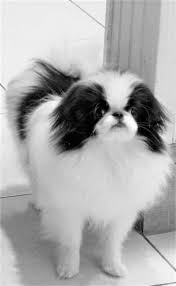 Black And White Pekingese Pin By Katia Dragonas Ghachem On Chins In 2020 Japanese Chin Dog Japanese Chin Pekingese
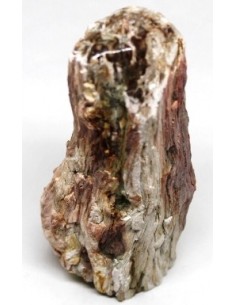 Bois fossilise bases polis 64 a 88g 2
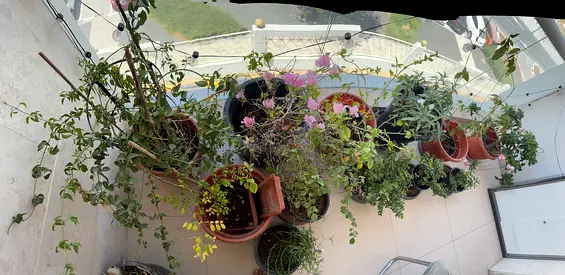 Outdoor plants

Activity:
Each line of the data above needs to be retyped as it is, without any picture.

Result for this exercise:
 Black And White Pekingese Pin By Katia Dragonas Ghachem On Chins In 2020 Japanese Chin Dog Japanese Chin Pekingese
 Bois fossilise bases polis 64 a 88g 2
 Outdoor plants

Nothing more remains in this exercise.